EXERCISE DATA |
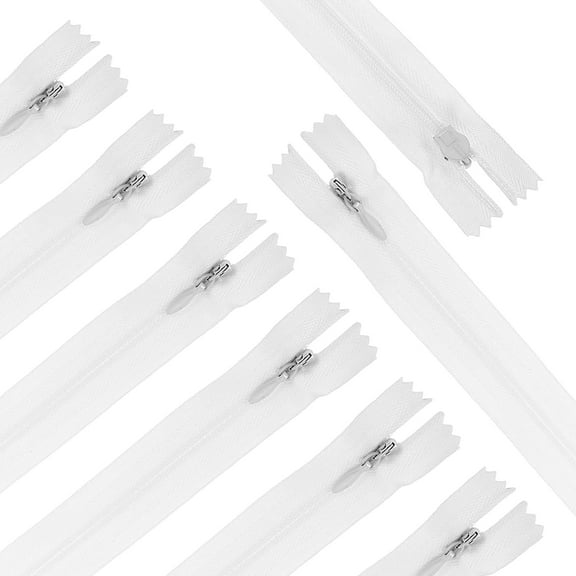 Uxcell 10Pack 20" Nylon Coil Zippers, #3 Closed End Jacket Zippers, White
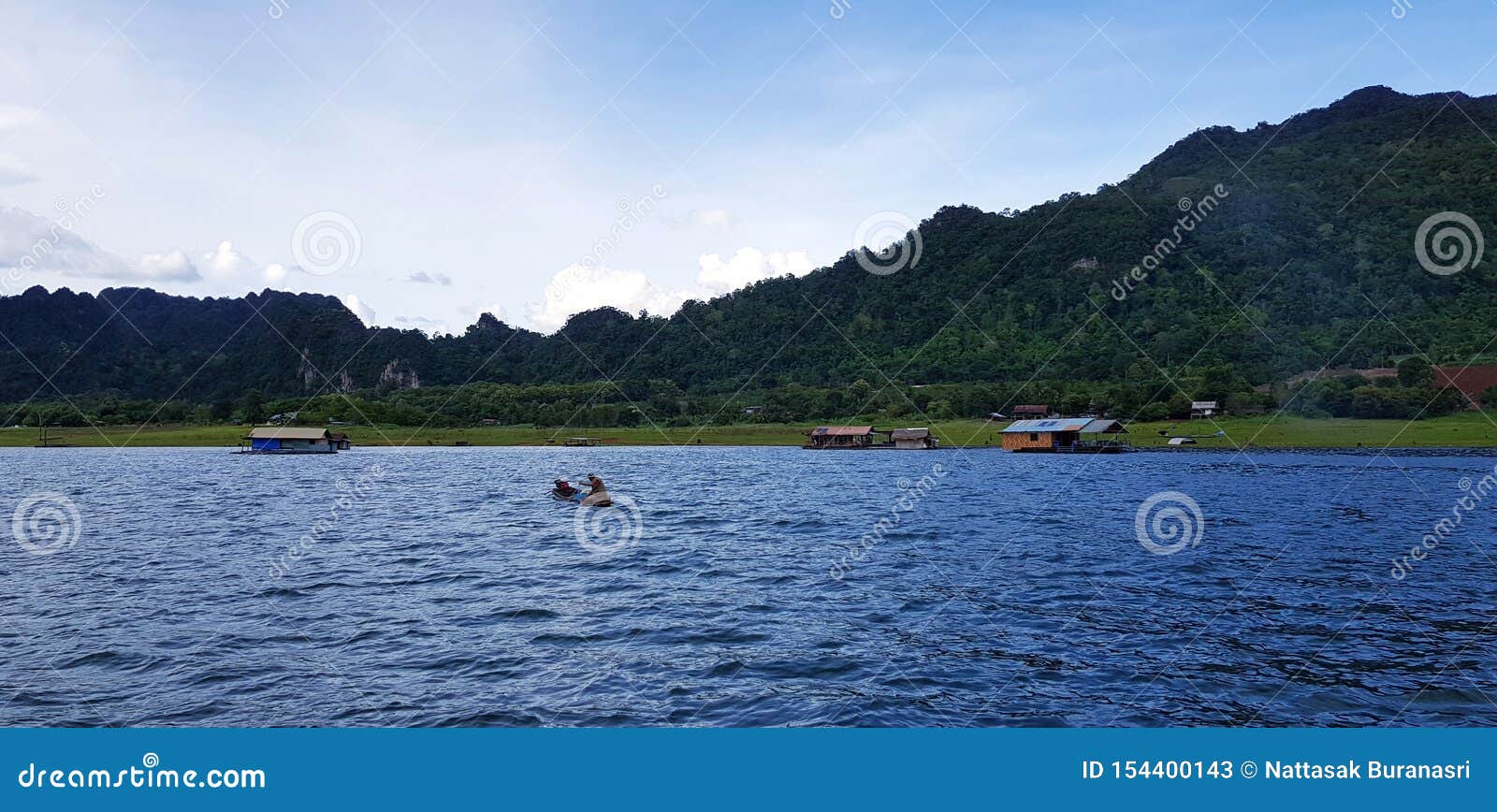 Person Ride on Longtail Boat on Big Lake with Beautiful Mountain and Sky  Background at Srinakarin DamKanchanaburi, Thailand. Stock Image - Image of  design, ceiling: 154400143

==

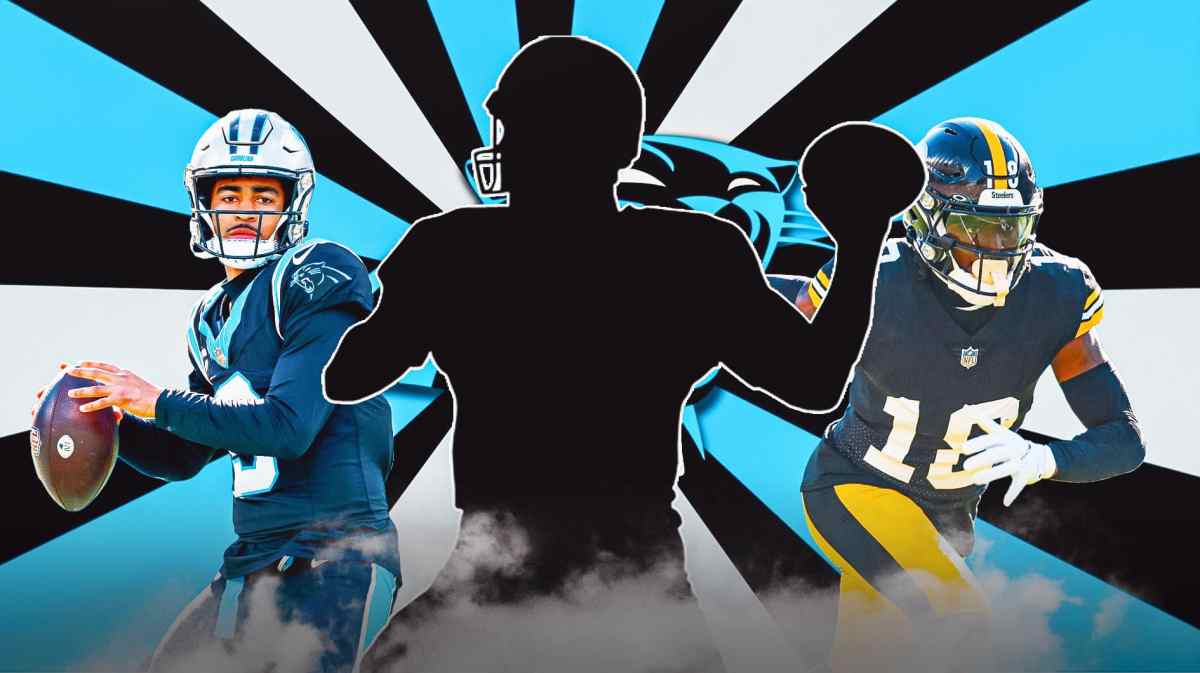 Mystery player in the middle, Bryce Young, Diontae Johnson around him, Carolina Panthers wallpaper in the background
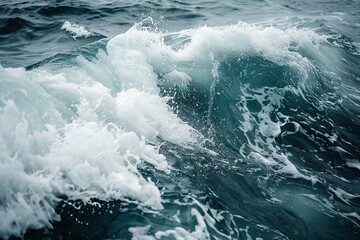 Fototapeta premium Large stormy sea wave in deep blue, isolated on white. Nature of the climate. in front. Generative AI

* * *

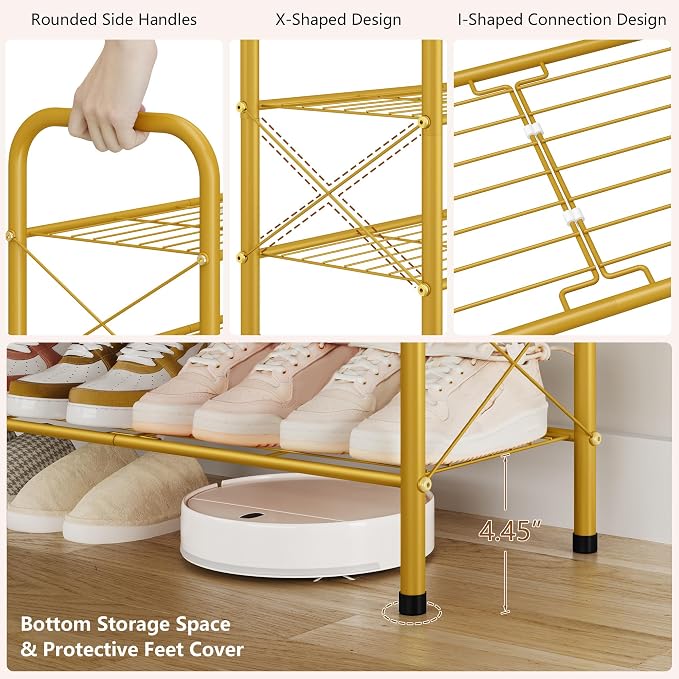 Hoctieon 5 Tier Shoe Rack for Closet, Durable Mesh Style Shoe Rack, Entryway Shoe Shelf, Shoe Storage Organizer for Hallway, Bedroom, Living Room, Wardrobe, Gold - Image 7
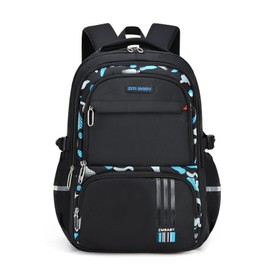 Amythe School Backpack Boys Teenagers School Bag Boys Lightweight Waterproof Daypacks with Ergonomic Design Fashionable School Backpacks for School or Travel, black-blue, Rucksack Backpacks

TASK BRIEF |
Give again the lines of the listing above that run from the one with "Hoctieon 5 Tier" up to and including the one with "Amythe School Backpack". Keep them exact and omit the pictures.

YOUR RESPONSE |
 Hoctieon 5 Tier Shoe Rack for Closet, Durable Mesh Style Shoe Rack, Entryway Shoe Shelf, Shoe Storage Organizer for Hallway, Bedroom, Living Room, Wardrobe, Gold - Image 7
 Amythe School Backpack Boys Teenagers School Bag Boys Lightweight Waterproof Daypacks with Ergonomic Design Fashionable School Backpacks for School or Travel, black-blue, Rucksack Backpacks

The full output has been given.